You’d be hard-pressed to name a business segment that’s unaffected by the Internet in some way, including auto dealerships. Thanks to the Internet, today’s car buyers are far more informed when they walk through your doors than they once were.

For example, potential customers often already know which vehicles are available on your lot, including their features, prices, and sometimes even your dealership’s costs. Borrowing from the slogan of a major automobile manufacturer, “This is not your father’s car-buying experience.”

Fewer dealership visits

Before the Internet hit the mainstream, most car buyers would spend weeks visiting multiple dealerships, looking at vehicles and comparing prices before making a decision. Today, most buyers do this legwork online and spend less time on the showroom floor.

A recent study by management consultants McKinsey & Company, which interviewed approximately 4,500 car buyers, found that the average buyer now visits only 1.6 dealerships, compared to five dealerships 10 years ago. (See more study findings in the sidebar “The changing car buyer.”)

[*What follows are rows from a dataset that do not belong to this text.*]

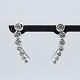 Georg Jensen; A 
pair of 
"Aurora" ear 
rings in 18k 
white gold, set 
with 
brillant-cut 
diamonds, ...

A senior partner at McKinsey calls this shift “the most dramatic change we’ve seen in the auto industry and how people buy cars in the last 50 years.” Because buyers have access to more information online, they don’t need to visit as many dealers.

This shift has major implications for auto dealerships. On the marketing side, most stores can no longer rely only on tried-and-true tactics, such as newspaper, TV and radio ads. Now it’s essential for dealerships to have an online strategy designed to showcase their inventory to buyers searching the Internet for specific vehicle makes and models.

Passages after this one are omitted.